## TASK GOAL
From the first line of the listing below to the line containing "Ligne Maginot - REPLATON", write out everything exactly. No pictures.

## INFORMATION SHOWN
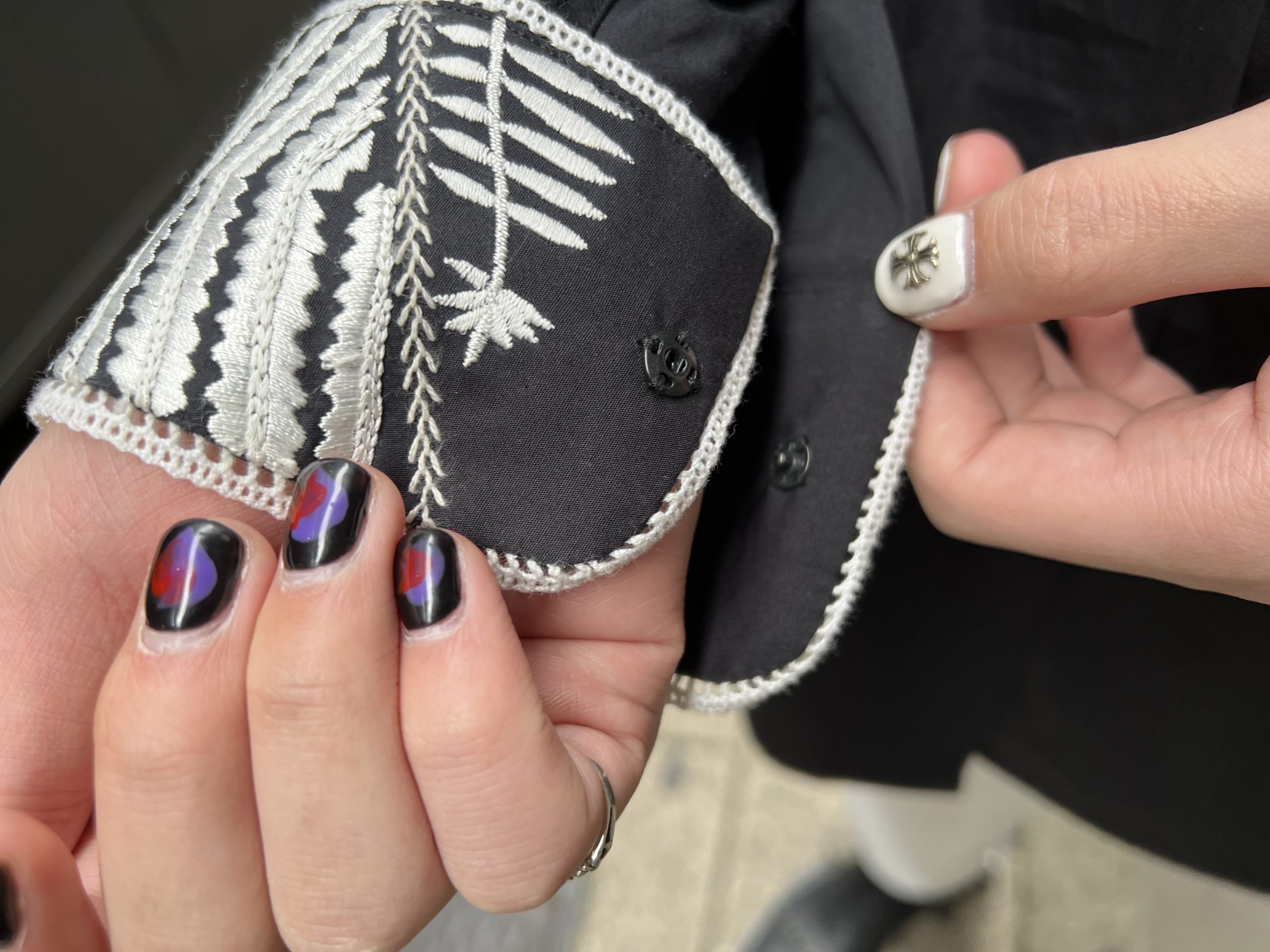 DRIES VAN NOTEN/ドリス・ヴァン・ノッテン】刺繍デザインシャツ【買取 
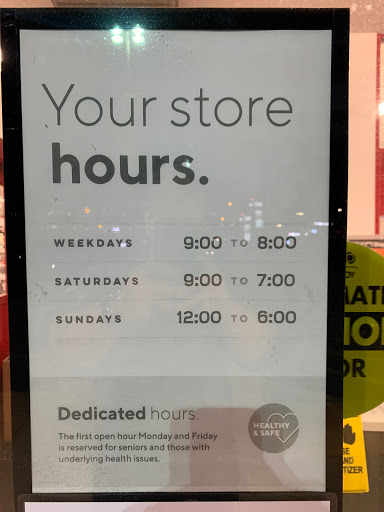 Office Supply Store «Staples», reviews and photos, 4214 W Wendover Ave, Greensboro, NC 27407, USA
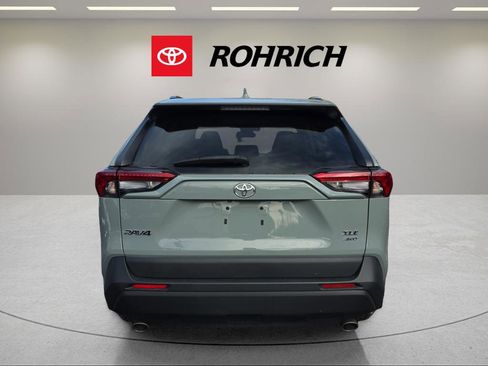 Used 2023 Toyota RAV4 XLE image 4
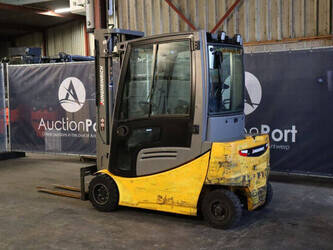 2018-jungheinrich-efg-320-1398062-44524096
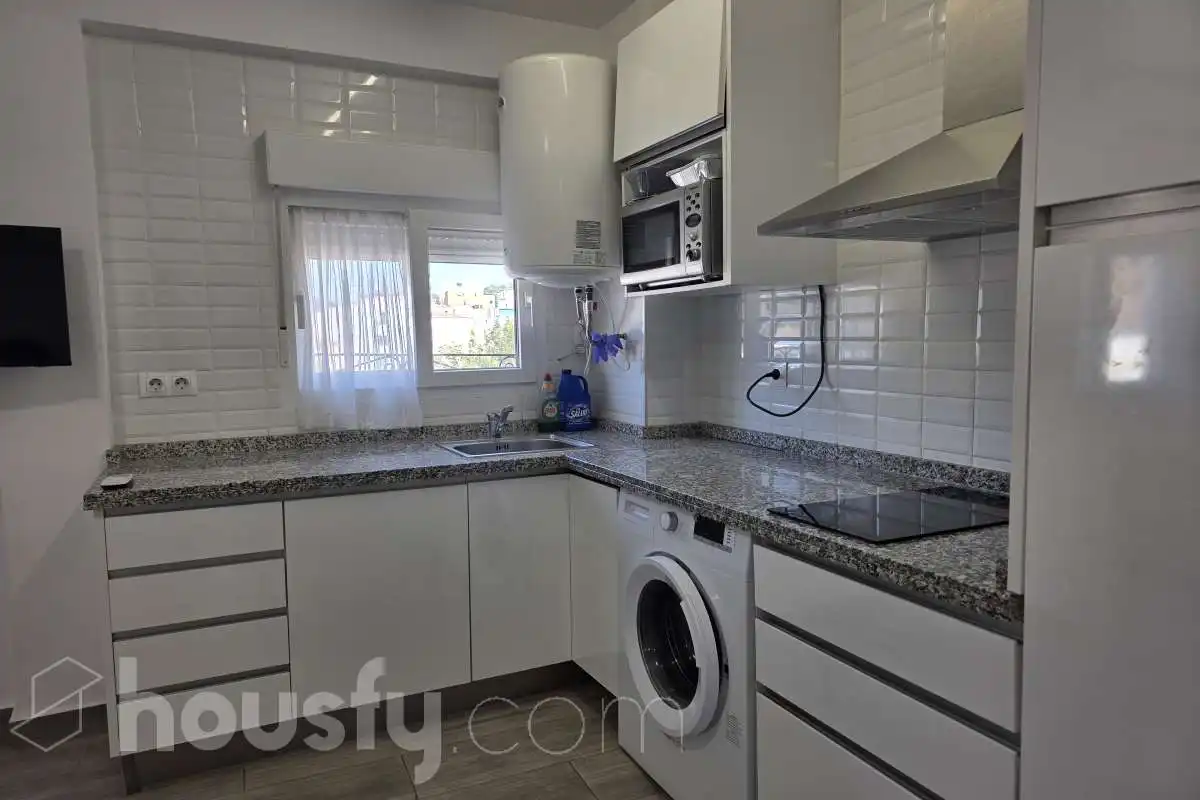 Kitchen of Flat for rent in Málaga  with Air Conditioner, Parquet flooring and Furnished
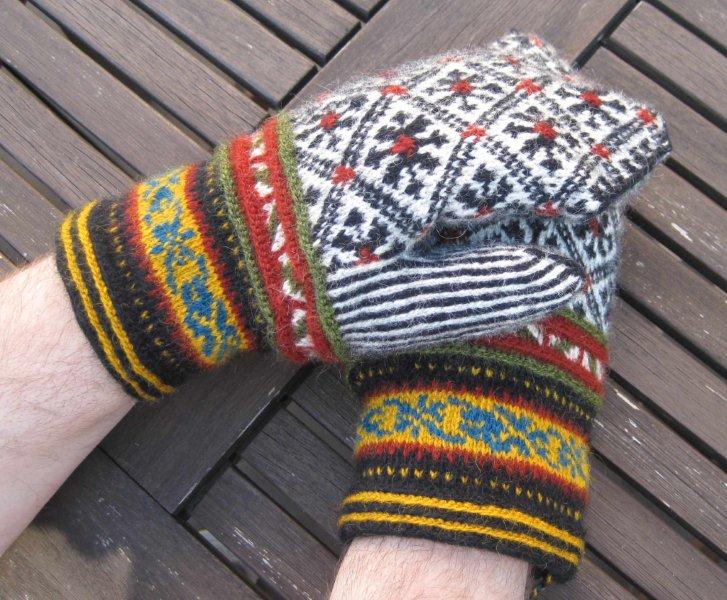 Lappone BALTIC Mittens in twined knitting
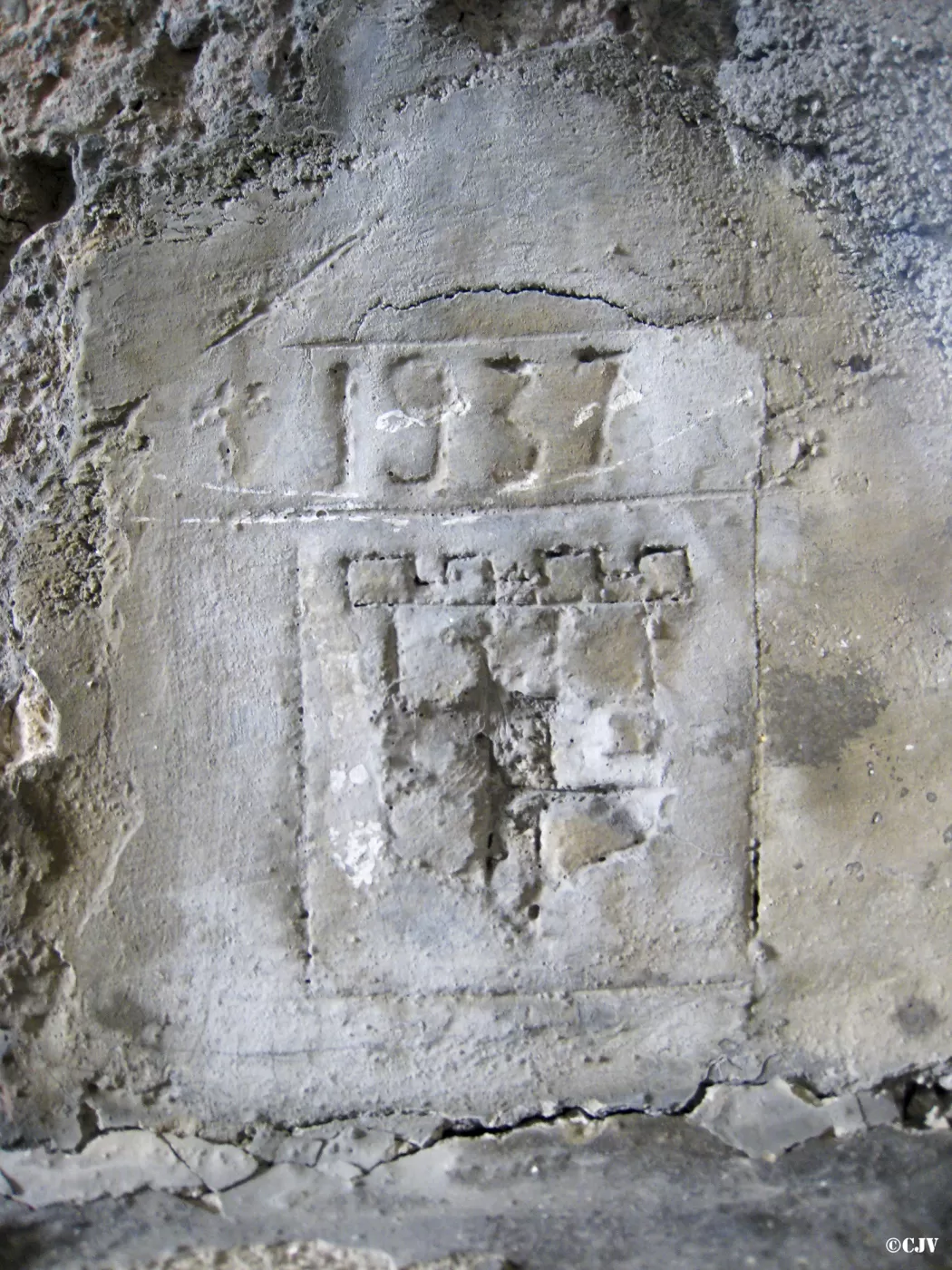 Ligne Maginot - REPLATON (QUARTIER ARC - 71° BAF) - (Position d'artillerie préparée) - Batterie A
Insigne du 1er groupe du 154° RAP avec millésime 1937 datant les travaux de modification des chambres de tir
 - Lia VERMEULEN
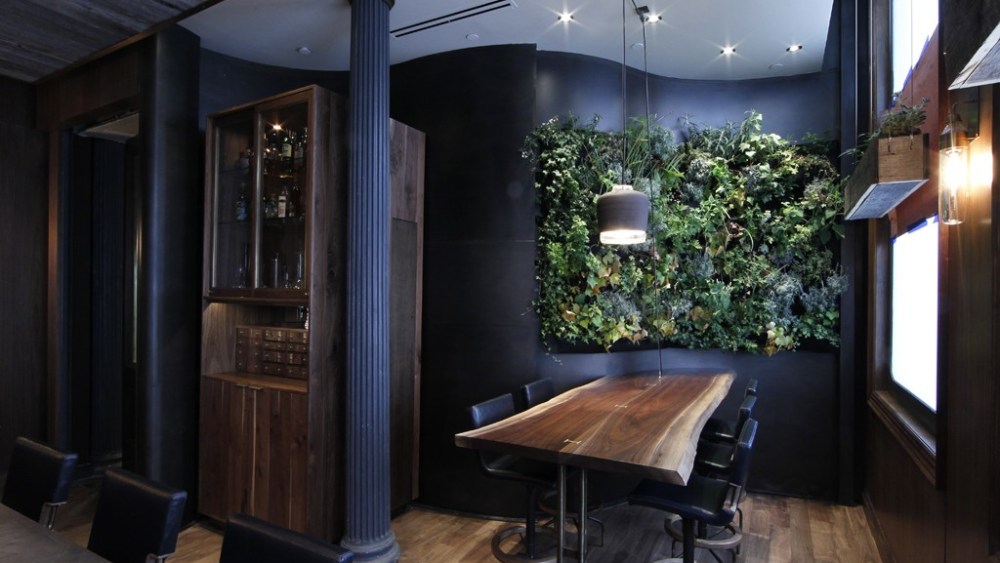 Feast the Eye: Chef Matthew Lightner Forages Against the Machine Atera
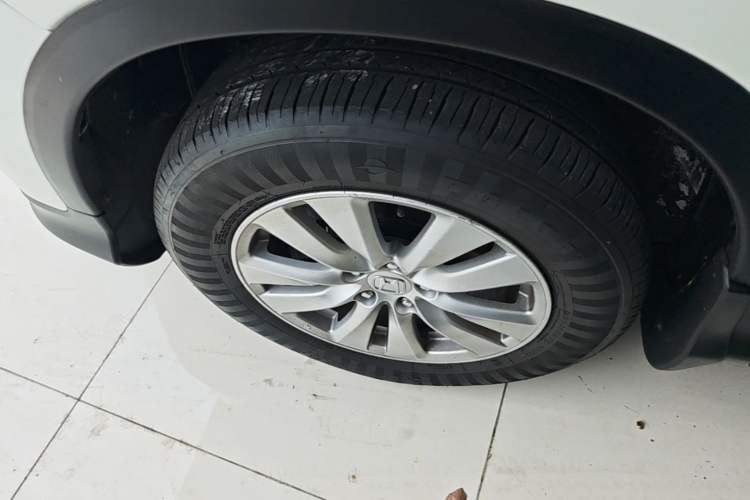 Used Honda CR-V 2016 2.0L Two-Wheel Drive Classic Edition Left Front Wheel Hub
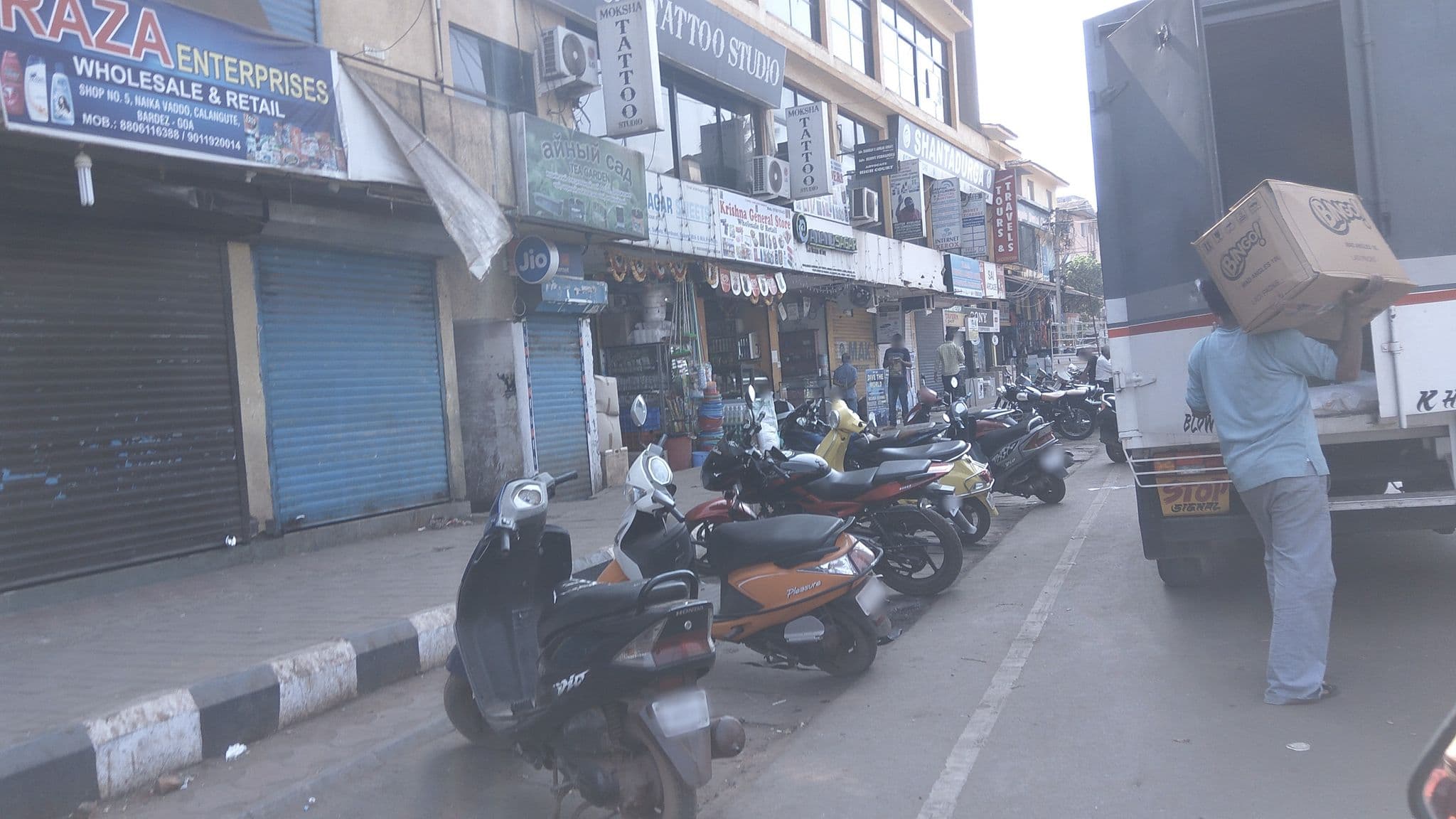 Street view near Goa Harmony Holiday Home, Calangute — © natarajakaveeti (CC BY-SA · Mapillary)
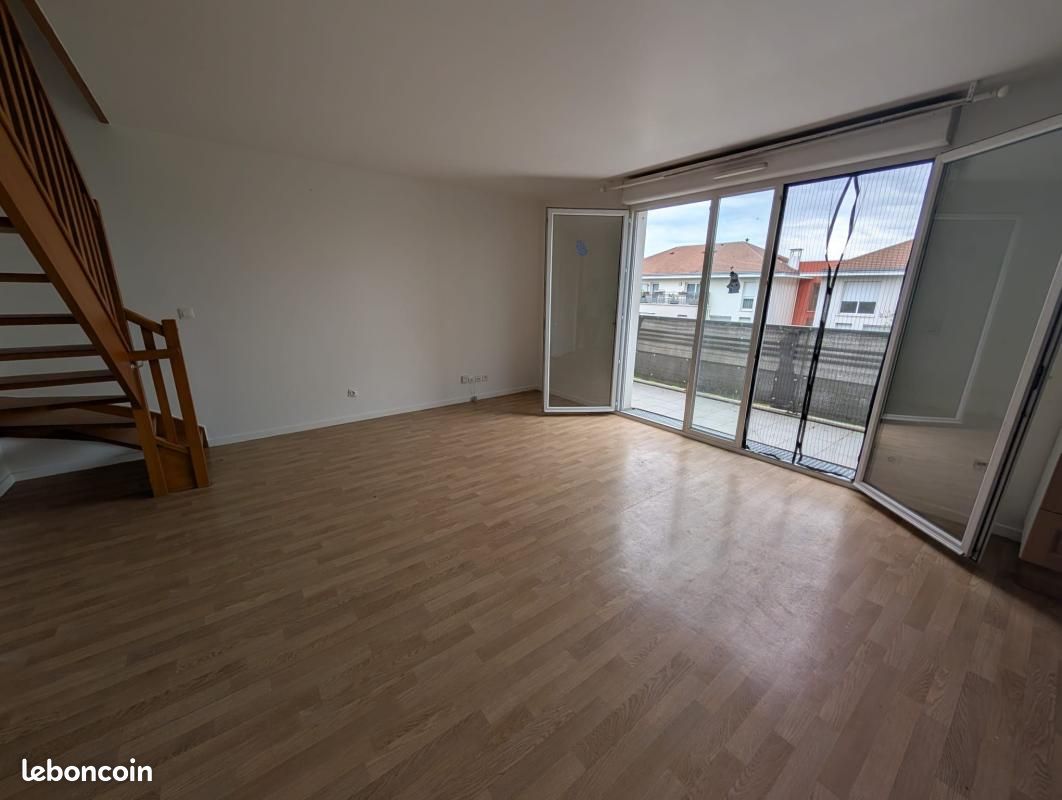 Appartement 3 pièces 60 m² · à Corbeil-Essonnes · 60 m² · 980 €/mois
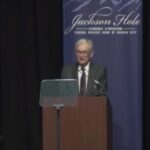 reporter-thrown-out-of-fed’s-jackson-hole-conference,-charged-with-criminal-trespass-for-asking-federal-reserve-governor-lisa-cook-questions-about-her-mortgage-fraud-scandal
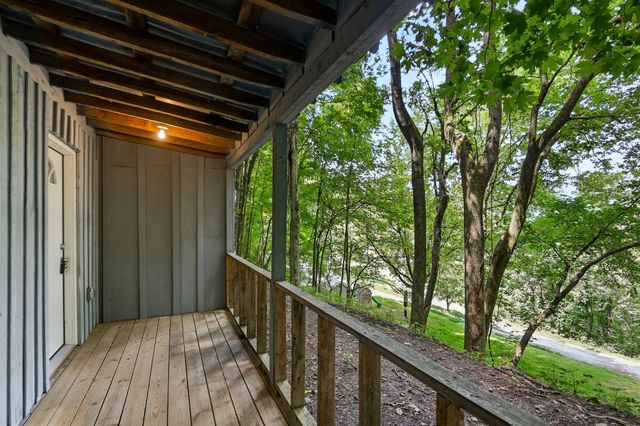 225 Coys Cove Ln, Gainesboro, TN 38562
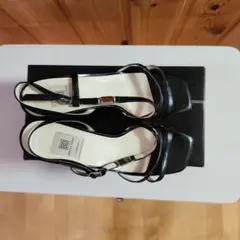 ブラックストラップサンダル 中ヒール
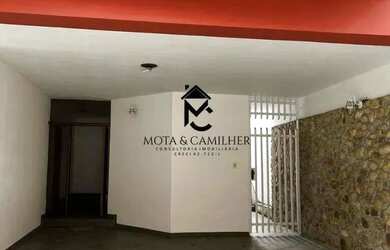 Imagem: A casa possui 4 Dormitórios, 5 Banheiros, 334m² de Área e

## PROBLEM SOLUTION
 DRIES VAN NOTEN/ドリス・ヴァン・ノッテン】刺繍デザインシャツ【買取 
 Office Supply Store «Staples», reviews and photos, 4214 W Wendover Ave, Greensboro, NC 27407, USA
 Used 2023 Toyota RAV4 XLE image 4
 2018-jungheinrich-efg-320-1398062-44524096
 Kitchen of Flat for rent in Málaga  with Air Conditioner, Parquet flooring and Furnished
 Lappone BALTIC Mittens in twined knitting
 Ligne Maginot - REPLATON (QUARTIER ARC - 71° BAF) - (Position d'artillerie préparée) - Batterie A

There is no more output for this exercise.